윤_제로 2023. 8. 23. 18:12

mmseg를 사용한 논문 github을 보게 되었는데 실질적으로 코드는 별로 안 짜시는 것 같고 거의 config file가지고 하시는 거 같아서 신기해서 한 번 해보고 싶다는 생각에 시도해보는 중,,

설치

conda create --name openmmlab python=3.8 -y
conda activate openmmlab

conda install pytorch torchvision -c pytorch

pip install -U openmim
mim install mmengine
mim install "mmcv>=2.0.0"

git clone -b main https://github.com/open-mmlab/mmsegmentation.git #main branch를 HEAD로 clone
cd mmsegmentation
pip install -v -e .
# '-v': 함수 수행 시 발생하는 정보들을 표준 출력으로 내보냄
# '-e': 코드 수정이 가능한 모드로 설치

Config 파일 알아보기...

MMSeg는 config 파일을 기반으로 실행된다.

dataset, model, scheduler 등의 정보를 config 파일에 작성해서 실행한다.

configs - _base_에는 datasets, models, schedules의 3개의 폴더와 default_runtime.py가 있다.
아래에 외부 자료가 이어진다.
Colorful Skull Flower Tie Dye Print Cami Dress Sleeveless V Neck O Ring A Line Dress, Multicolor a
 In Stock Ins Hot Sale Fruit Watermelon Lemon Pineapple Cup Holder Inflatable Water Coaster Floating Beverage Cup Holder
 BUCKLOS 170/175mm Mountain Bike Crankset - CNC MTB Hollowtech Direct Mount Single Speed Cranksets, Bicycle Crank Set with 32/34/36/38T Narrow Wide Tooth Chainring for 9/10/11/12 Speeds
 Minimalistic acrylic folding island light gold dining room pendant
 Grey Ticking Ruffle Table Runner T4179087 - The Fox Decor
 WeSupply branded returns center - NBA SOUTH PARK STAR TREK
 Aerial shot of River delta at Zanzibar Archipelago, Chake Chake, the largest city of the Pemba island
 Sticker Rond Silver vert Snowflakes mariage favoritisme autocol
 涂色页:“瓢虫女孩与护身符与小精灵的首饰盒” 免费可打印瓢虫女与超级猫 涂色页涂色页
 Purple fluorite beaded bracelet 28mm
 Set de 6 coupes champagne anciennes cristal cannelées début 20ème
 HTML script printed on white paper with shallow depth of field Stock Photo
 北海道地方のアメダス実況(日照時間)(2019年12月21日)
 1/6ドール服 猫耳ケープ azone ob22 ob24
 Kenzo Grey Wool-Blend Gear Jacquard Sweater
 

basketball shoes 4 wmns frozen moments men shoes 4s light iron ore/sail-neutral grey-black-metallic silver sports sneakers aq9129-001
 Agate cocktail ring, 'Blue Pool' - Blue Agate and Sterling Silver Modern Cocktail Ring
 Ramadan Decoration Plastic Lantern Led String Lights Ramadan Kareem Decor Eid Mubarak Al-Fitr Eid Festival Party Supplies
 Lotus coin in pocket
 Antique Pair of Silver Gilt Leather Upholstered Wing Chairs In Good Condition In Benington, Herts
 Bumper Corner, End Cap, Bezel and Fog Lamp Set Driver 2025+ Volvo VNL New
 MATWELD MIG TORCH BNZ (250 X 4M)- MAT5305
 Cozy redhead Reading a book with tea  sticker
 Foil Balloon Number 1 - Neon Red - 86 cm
  • datasets: 데이터에 따른 pipeline과 dataloader 구성 정보
  • models: 모델 구성 정보
  • schedules: optimizer 구성 정보
  • default_runtime.py: 실행 환경에 대한 기본값.

_base_ 의 component들로 구성된 config를 primitive 라고 하며, 같은 폴더 안의 config 파일들에 대해서는 오직 하나의 primitive config 파일만 있는 것을 권장한다.

예를 들어 Deeplabv3 모델 구조를 변경하여 학습하는 상황이라고 해보자

1. _base_ > models > deeplabv3 안에 있는 모델 중 하나를 상속한다.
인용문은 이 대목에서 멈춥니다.